Dan Morris: Step too far in use of technology?
Sometimes, seemingly innocent things can grab us and send an unexpected but unshakable chill down our spines. Recently, a news story from across the pond had this effect on me…
A couple of weeks ago, the New York Times reported that NYPD officers would be giving up the use of their handwritten patrol memo books in favour of a smartphone app that would allow them, while on the beat, to take notes electronically.
By this Monday, all officers should have retired their traditional notepads – incidentally the New York Police Department’s oldest crime fighting tool – and taken a further step down the road of technological dependency.
The NYPD’s move comes with a number of apparent advantages. Notes typed into the app are sent directly to a department database, making them more accessible and, in theory, ensuring information is not lost. Supposedly, entries will not be able to be faked, and data won’t be lost as a result of poor handwriting.
Entries in the database via the app can be searched by date or keyword, meaning there is no longer a need to trawl through multiple memo books for a specific note. And naturally, the switch as a whole should cut down on paper waste.
Positive, yes? No. I’m troubled, and unfortunately have seen far too many dystopian sci-fi films not to spot the warning signs... But we’ll get to that. There are less dramatic but still problematic issues to consider first.In a move that is in theory time-saving and environmentally friendly, the Big Apple’s police department may have opened itself to problems.
Firstly, issues of accuracy will surely be just as prevalent when expecting a weary, old-school beat cop with hands chilled to the bone by the New York air, to type on a smartphone. If note taking is done as quickly as it will need to be, mistakes are still going to happen. And couldn’t typos going straight into a database system built on keyword searches surely prove far more damaging than handwritten errors that are easily spotted in the context of a note as a whole?
Also, the notion that entries will not be able to be faked seems unlikely. I’m sure the app has security measures in place designed to block false users, but cyber criminals are often organised experts, and surely the app cannot be impregnable? Would false entries not be more difficult to spot when the distinctive style of an officer’s own handwriting is removed from the equation? And also, would they not have more time to do damage when fed directly into a real-time database rather than having to be reviewed on paper?
The reason my spider-sense is really tingling here however, is that this feels like another dangerous step on the road to machines just being given a bit too much power. Now we get to the sci-fi dystopia…
The issue of beat cops’ notes going directly into a real-time database the moment they are made – and, importantly, with supposedly no handwritten back up –makes me nervous.
Could putting all of this important information directly into a computer system, and with no other record of it, be tantamount to giving that computer system a bit too much control?
To process a vast amount of diverse information instantly on a daily basis, such a database must surely need to be sophisticated. Is it beyond the realms of possibility, however fantastical, that such sophistication could lead to its own evolution? Why not? Everyday technology – from stuff in your smartphone to that used in search engines – is often programmed to ‘evolve’ and anticipate its user’s behaviour.

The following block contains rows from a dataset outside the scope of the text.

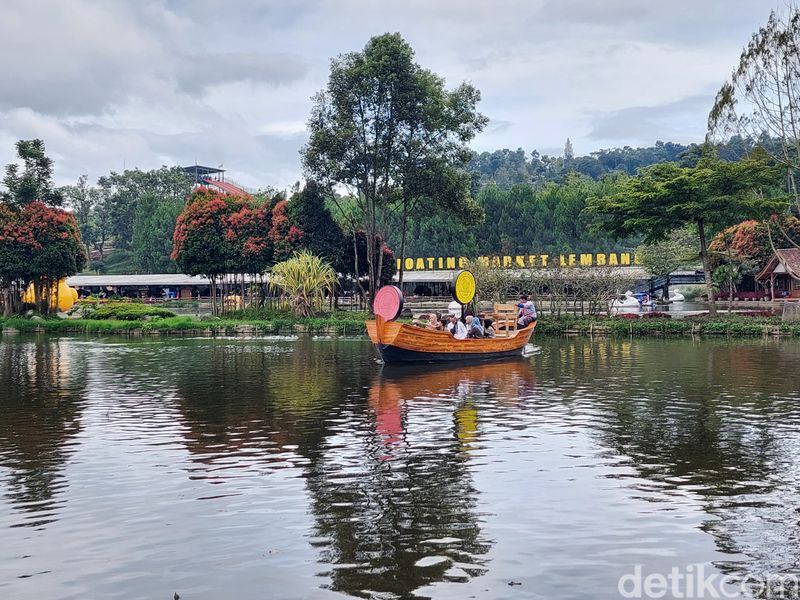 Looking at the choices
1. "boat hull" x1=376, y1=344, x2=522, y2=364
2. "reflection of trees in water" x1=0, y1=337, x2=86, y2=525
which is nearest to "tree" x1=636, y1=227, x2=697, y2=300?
"boat hull" x1=376, y1=344, x2=522, y2=364

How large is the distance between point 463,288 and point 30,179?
34.3m

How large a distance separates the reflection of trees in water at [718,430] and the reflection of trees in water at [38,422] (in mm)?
7779

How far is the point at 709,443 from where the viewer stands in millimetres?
12875

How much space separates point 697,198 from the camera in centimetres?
3891

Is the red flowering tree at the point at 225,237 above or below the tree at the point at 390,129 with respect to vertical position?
below

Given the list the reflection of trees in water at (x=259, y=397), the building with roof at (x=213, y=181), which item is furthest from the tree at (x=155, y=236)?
the reflection of trees in water at (x=259, y=397)

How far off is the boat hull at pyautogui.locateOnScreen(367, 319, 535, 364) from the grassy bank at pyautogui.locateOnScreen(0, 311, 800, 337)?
42.3 feet

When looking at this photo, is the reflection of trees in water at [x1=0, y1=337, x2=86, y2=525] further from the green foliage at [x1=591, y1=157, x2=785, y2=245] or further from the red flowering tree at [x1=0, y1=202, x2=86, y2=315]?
the green foliage at [x1=591, y1=157, x2=785, y2=245]

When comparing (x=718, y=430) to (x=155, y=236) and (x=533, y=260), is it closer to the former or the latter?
(x=533, y=260)

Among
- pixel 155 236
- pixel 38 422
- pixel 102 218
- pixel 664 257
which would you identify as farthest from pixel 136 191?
pixel 38 422

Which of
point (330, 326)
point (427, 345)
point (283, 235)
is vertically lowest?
point (427, 345)

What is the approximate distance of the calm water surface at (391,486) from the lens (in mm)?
7512

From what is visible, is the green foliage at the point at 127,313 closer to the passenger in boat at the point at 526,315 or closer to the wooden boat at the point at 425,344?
the passenger in boat at the point at 526,315

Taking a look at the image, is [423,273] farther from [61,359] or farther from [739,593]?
[739,593] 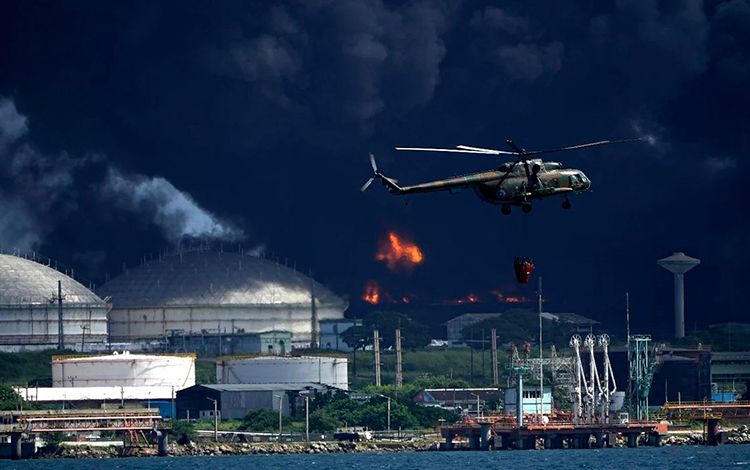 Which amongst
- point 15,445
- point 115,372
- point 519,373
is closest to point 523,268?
point 15,445

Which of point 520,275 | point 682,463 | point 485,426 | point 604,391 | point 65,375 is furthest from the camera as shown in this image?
point 65,375

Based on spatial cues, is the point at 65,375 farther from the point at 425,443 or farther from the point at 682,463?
the point at 682,463

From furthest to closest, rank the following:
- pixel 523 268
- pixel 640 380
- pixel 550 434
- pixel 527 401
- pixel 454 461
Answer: pixel 640 380 → pixel 527 401 → pixel 550 434 → pixel 454 461 → pixel 523 268

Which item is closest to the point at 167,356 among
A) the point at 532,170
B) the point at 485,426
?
the point at 485,426

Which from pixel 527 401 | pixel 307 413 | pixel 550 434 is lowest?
pixel 550 434

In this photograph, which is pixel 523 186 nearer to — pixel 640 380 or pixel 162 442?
pixel 162 442

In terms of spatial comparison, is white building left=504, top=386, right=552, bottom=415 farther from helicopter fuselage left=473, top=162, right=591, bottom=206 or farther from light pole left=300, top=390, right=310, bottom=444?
helicopter fuselage left=473, top=162, right=591, bottom=206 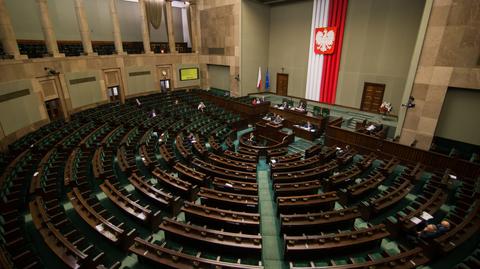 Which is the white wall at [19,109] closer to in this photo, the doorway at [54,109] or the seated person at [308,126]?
the doorway at [54,109]

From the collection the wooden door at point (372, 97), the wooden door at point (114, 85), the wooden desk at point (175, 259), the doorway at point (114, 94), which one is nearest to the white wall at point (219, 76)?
the wooden door at point (114, 85)

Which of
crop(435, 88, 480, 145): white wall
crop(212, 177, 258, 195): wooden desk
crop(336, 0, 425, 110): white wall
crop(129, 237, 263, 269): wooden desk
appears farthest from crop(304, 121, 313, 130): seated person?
crop(129, 237, 263, 269): wooden desk

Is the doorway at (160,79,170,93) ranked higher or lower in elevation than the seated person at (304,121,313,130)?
higher

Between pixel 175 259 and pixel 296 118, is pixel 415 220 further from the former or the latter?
pixel 296 118

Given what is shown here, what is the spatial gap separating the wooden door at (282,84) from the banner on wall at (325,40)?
3.56m

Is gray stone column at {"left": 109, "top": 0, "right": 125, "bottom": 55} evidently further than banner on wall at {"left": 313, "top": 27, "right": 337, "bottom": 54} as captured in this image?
Yes

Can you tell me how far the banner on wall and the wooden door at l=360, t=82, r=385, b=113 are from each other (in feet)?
11.5

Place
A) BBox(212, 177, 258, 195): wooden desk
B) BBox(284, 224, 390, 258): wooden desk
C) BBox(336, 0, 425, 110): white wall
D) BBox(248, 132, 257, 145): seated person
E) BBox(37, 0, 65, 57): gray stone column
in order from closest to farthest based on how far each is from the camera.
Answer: BBox(284, 224, 390, 258): wooden desk
BBox(212, 177, 258, 195): wooden desk
BBox(248, 132, 257, 145): seated person
BBox(37, 0, 65, 57): gray stone column
BBox(336, 0, 425, 110): white wall

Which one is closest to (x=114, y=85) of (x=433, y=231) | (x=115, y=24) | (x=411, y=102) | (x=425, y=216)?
(x=115, y=24)

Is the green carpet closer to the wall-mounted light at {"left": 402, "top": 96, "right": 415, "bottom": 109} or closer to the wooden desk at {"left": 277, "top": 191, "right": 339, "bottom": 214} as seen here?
the wooden desk at {"left": 277, "top": 191, "right": 339, "bottom": 214}

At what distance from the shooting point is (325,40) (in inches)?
649

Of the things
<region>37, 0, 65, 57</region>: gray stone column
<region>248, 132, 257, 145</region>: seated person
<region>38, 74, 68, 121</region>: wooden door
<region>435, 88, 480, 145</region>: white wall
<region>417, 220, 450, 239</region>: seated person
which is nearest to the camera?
<region>417, 220, 450, 239</region>: seated person

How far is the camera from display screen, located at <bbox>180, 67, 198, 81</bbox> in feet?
70.9

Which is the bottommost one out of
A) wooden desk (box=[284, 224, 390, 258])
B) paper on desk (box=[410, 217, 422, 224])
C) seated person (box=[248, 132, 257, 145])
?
seated person (box=[248, 132, 257, 145]) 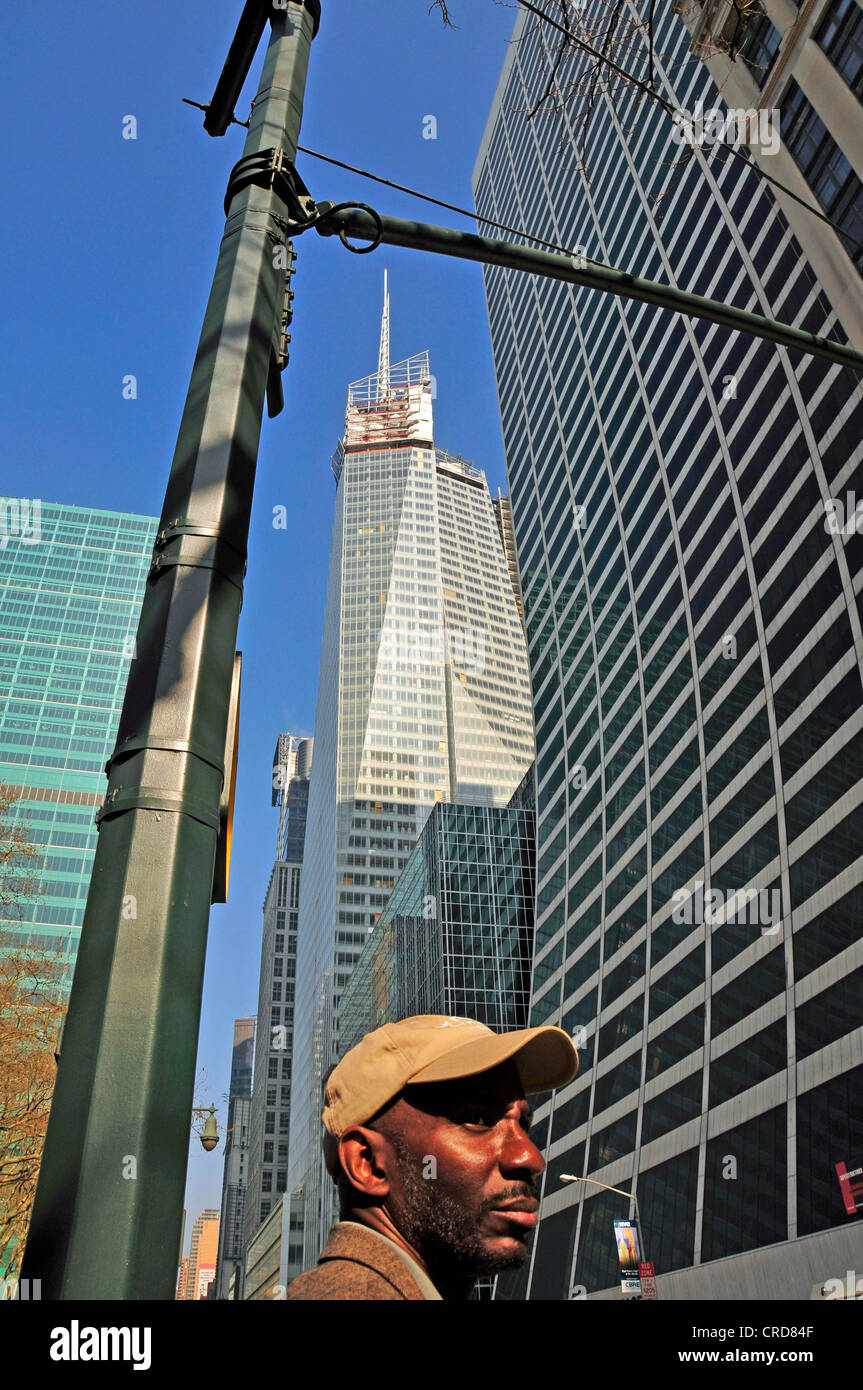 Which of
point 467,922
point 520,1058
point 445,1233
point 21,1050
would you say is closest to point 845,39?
point 520,1058

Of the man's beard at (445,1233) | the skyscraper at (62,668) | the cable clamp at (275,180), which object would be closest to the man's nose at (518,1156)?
the man's beard at (445,1233)

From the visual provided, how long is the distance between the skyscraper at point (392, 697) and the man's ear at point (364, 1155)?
126667 mm

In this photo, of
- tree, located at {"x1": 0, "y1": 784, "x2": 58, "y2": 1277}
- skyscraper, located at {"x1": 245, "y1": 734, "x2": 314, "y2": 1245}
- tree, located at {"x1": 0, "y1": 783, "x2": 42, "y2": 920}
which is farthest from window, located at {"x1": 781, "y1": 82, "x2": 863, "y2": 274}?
skyscraper, located at {"x1": 245, "y1": 734, "x2": 314, "y2": 1245}

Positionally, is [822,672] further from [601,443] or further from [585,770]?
[601,443]

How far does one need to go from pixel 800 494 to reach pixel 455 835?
4561cm

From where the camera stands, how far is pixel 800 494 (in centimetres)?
6112

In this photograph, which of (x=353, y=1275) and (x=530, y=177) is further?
(x=530, y=177)

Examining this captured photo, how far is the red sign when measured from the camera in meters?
41.6

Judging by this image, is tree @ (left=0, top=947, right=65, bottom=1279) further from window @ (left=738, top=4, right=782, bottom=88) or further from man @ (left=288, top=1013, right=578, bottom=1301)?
window @ (left=738, top=4, right=782, bottom=88)

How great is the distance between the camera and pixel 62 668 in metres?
109

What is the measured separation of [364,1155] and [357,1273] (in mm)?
371

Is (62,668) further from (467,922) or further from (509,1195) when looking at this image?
(509,1195)

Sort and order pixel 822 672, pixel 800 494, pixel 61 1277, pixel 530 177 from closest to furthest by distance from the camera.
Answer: pixel 61 1277, pixel 822 672, pixel 800 494, pixel 530 177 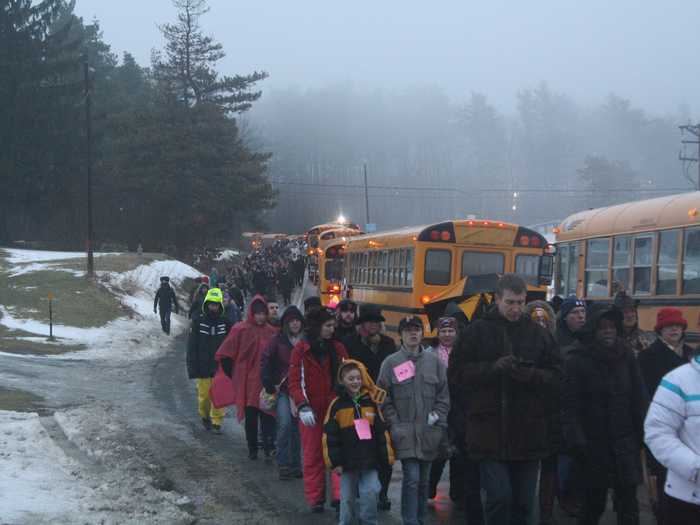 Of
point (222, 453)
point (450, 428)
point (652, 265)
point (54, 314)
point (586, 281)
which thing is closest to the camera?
→ point (450, 428)

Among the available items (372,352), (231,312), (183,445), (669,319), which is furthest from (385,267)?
(669,319)

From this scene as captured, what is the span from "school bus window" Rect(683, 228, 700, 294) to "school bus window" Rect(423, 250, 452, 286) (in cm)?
569

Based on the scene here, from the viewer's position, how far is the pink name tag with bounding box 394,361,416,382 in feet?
22.8

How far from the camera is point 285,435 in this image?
30.3ft

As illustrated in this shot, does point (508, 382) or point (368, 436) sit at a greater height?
point (508, 382)

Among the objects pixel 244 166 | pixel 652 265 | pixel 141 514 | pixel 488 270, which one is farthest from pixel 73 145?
pixel 141 514

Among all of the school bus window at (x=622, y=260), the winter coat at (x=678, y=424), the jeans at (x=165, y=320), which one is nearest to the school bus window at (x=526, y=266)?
the school bus window at (x=622, y=260)

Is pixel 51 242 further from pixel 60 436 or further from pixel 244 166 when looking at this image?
pixel 60 436

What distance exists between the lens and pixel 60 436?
422 inches

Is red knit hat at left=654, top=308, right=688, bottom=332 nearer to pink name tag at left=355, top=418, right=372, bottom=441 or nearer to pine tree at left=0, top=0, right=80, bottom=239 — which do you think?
pink name tag at left=355, top=418, right=372, bottom=441

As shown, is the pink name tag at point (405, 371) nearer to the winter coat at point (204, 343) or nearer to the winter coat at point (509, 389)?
the winter coat at point (509, 389)

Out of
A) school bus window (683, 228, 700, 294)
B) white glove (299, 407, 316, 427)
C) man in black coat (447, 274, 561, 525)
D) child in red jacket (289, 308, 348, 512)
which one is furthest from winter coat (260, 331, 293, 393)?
school bus window (683, 228, 700, 294)

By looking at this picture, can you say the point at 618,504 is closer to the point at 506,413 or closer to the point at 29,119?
the point at 506,413

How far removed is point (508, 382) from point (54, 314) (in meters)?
22.4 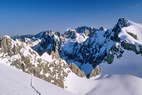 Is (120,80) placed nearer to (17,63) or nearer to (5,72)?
(17,63)

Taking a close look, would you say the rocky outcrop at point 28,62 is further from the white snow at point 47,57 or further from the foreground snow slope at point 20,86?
the foreground snow slope at point 20,86

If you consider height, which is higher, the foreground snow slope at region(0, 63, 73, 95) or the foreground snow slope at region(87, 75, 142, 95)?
the foreground snow slope at region(0, 63, 73, 95)

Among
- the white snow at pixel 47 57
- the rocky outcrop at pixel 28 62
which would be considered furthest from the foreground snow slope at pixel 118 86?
the white snow at pixel 47 57

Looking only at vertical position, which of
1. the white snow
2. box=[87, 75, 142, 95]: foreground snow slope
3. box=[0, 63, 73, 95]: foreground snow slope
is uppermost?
box=[0, 63, 73, 95]: foreground snow slope

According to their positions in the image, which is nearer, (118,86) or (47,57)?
(118,86)

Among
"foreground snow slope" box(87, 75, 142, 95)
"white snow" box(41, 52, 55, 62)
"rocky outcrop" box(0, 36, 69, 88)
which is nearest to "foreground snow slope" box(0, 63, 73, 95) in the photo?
"foreground snow slope" box(87, 75, 142, 95)

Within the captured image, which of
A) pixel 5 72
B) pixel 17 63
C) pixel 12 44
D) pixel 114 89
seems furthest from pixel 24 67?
pixel 5 72

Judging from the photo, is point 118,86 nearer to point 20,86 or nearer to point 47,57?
point 47,57

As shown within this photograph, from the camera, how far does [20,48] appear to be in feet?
533

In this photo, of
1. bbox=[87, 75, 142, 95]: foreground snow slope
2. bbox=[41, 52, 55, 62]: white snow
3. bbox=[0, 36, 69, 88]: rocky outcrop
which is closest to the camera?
bbox=[87, 75, 142, 95]: foreground snow slope

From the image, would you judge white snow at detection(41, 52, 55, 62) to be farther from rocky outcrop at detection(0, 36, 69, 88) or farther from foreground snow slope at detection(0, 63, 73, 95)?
foreground snow slope at detection(0, 63, 73, 95)

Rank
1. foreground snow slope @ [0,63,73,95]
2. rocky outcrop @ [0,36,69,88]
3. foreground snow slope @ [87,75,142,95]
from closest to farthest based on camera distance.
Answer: foreground snow slope @ [0,63,73,95]
foreground snow slope @ [87,75,142,95]
rocky outcrop @ [0,36,69,88]

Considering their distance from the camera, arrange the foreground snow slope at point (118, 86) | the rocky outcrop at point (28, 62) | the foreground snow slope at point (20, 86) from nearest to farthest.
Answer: the foreground snow slope at point (20, 86), the foreground snow slope at point (118, 86), the rocky outcrop at point (28, 62)

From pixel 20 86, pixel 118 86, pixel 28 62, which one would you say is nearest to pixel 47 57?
pixel 28 62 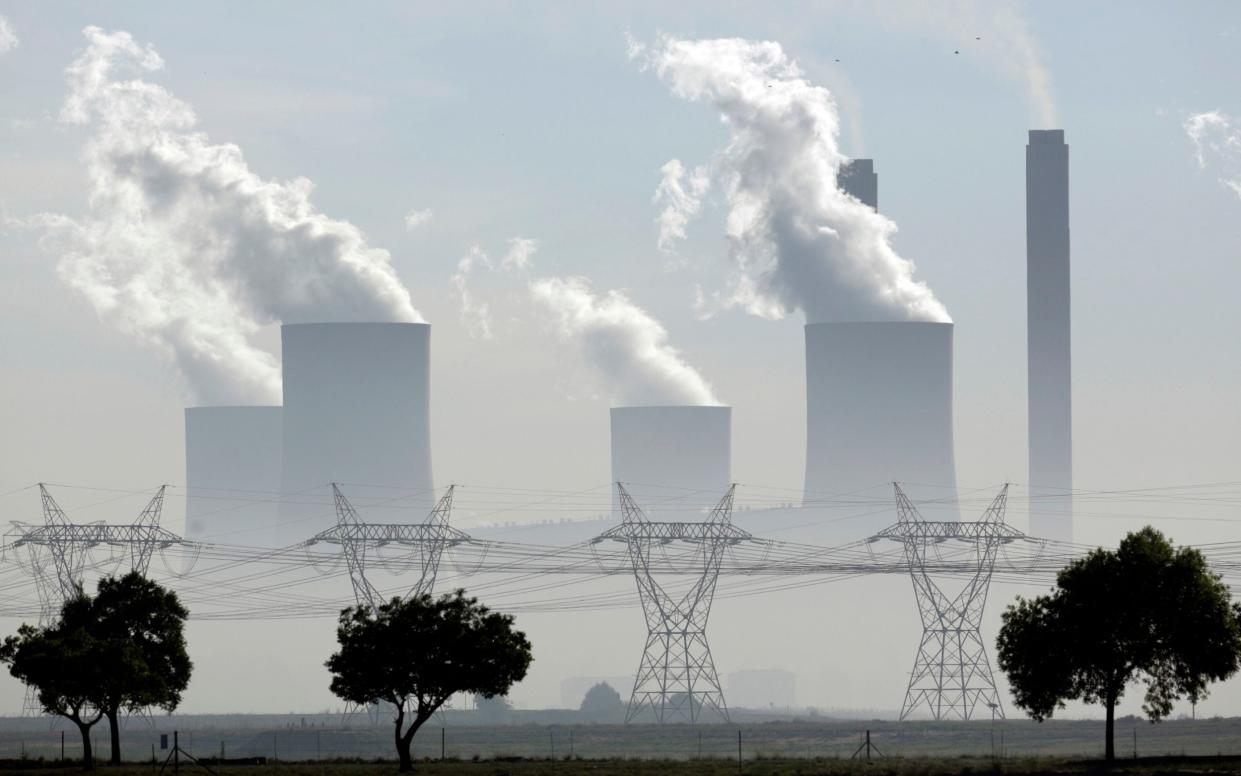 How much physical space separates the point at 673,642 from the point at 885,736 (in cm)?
1352

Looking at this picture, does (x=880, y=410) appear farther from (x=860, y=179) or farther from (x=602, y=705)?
(x=860, y=179)

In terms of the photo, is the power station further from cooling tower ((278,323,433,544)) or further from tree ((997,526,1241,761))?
tree ((997,526,1241,761))

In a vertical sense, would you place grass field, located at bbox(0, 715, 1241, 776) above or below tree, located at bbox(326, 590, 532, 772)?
below

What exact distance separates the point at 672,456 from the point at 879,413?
12.0 metres

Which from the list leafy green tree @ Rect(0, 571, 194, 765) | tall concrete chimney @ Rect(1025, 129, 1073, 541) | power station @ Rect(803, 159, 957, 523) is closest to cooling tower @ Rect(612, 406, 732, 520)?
power station @ Rect(803, 159, 957, 523)

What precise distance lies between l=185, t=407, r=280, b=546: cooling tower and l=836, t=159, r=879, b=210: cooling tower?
73364 millimetres

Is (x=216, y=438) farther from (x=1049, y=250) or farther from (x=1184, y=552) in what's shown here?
(x=1184, y=552)

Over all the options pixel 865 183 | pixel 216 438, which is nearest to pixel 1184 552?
pixel 216 438

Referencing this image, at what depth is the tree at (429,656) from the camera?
33.4 m

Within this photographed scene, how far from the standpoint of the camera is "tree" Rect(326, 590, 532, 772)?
33.4m

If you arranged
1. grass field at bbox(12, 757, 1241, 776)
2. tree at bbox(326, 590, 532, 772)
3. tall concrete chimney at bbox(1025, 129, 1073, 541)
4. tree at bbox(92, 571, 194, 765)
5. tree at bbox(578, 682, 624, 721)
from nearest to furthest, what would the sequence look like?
grass field at bbox(12, 757, 1241, 776), tree at bbox(326, 590, 532, 772), tree at bbox(92, 571, 194, 765), tree at bbox(578, 682, 624, 721), tall concrete chimney at bbox(1025, 129, 1073, 541)

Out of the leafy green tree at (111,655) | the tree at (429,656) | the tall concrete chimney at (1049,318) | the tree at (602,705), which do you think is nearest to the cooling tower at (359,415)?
the tree at (602,705)

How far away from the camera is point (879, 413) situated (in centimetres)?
10112

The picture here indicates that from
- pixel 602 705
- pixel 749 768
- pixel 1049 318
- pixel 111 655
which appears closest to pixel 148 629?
pixel 111 655
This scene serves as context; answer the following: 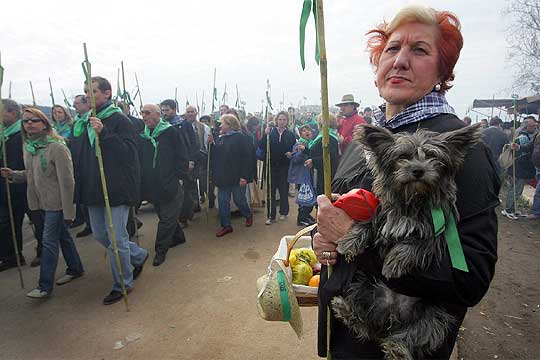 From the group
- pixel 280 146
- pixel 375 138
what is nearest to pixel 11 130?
pixel 280 146

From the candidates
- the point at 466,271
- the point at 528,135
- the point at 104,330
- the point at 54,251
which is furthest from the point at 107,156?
the point at 528,135

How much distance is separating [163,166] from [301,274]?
4066mm

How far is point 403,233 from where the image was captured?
1.27 meters

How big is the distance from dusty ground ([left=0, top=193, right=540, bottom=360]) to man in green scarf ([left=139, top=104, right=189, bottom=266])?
524 millimetres

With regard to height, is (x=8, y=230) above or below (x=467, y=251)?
below

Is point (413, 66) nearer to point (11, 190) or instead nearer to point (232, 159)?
point (232, 159)

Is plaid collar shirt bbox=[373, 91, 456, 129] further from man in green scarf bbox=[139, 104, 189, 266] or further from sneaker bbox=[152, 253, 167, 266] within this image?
sneaker bbox=[152, 253, 167, 266]

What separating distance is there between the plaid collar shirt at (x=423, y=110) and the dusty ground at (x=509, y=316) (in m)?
3.03

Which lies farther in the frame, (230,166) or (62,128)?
(62,128)

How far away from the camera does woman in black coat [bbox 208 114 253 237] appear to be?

Like predictive text messaging, how long until said database starts to make assumptions about officers’ entries based on those previously submitted to it? With a wealth of data going straight into it pertaining to factors such as individuals’ height, race and gender, could it start assuming patterns of criminal behaviour based on these characteristics? Will it eventually start suggesting its own suspects of crimes, independently of officers’ opinions? And without a non-computerised record of police activity, how easily would anyone be able to challenge it?
Could it eventually start to think for itself, and therefore police the police?
It sounds a little ridiculous – a bit like the idea of technology being able to decide your fashion choices and dietary habits.
If I don’t ‘pinch’ myself when the internet funnels me toward clothing and food it has learned I will like, it can end up effectively making my decisions for me.
How long until the NYPD’s all-dancing database begins to do the same for it, and because of the lack of non-tech note book records to provide a check to it, do so without a ‘pinch’ to its power?
We’ve all seen The Terminator, and we may be a long way from ‘Skynet becoming self aware’. But the more I see people, and important institutions such as the New York Police Department, place more and more eggs in certain technology baskets, I feel we’re on a rocky road.
Technology and computer systems are getting better, faster, more advanced and more capable.
In line with this, are we surrendering some of our own capability, and even our decision making?
Hopefully the NYPD’s move will pay off, and make both the fighting of crime and the administration of justice easier.
But more so, I hope this seemingly innocent step doesn’t end up leading to far larger problems than it solves.
Ask me about this in 30 years. Your computer will probably remind you to.